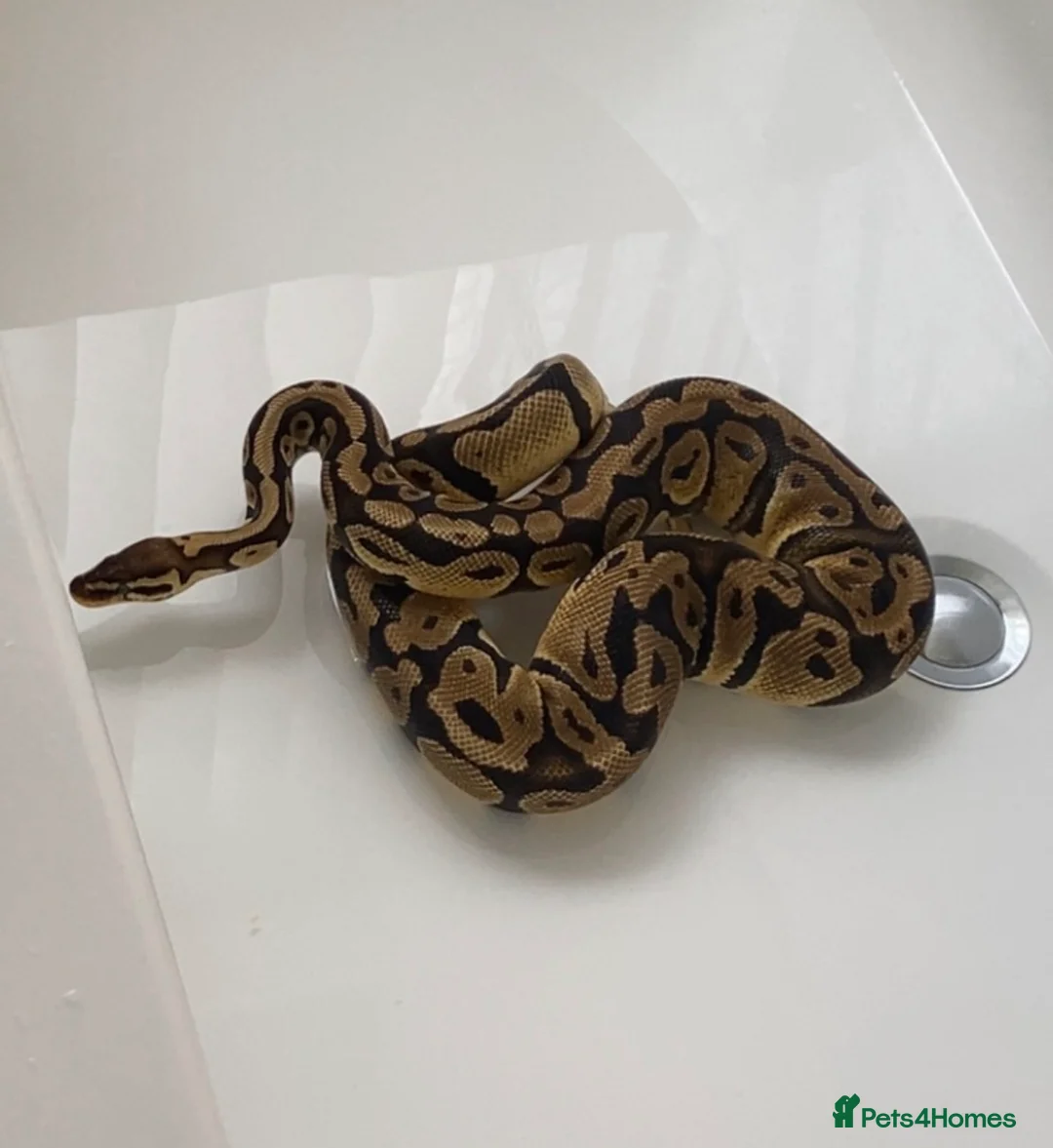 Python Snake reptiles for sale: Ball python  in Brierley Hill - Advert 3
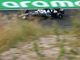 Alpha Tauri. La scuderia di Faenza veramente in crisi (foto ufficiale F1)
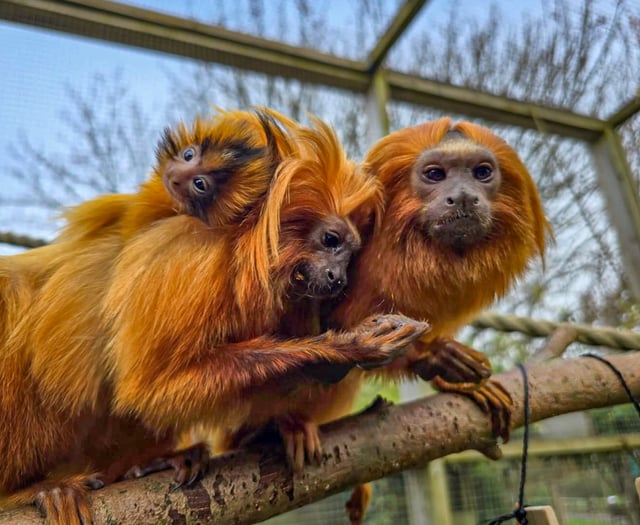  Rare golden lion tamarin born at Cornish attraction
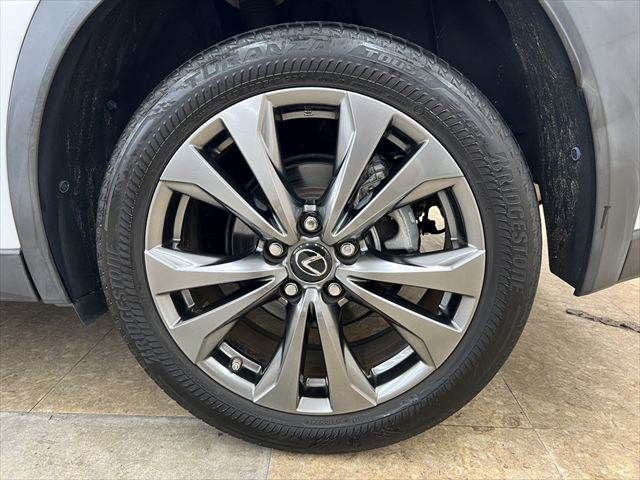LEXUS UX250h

### TASK INSTRUCTIONS
After locating the line with "Rare golden lion" in the listing above, transcribe it and every line after it to the last, exactly, with no pictures.

### PROBLEM SOLUTION
  Rare golden lion tamarin born at Cornish attraction
LEXUS UX250h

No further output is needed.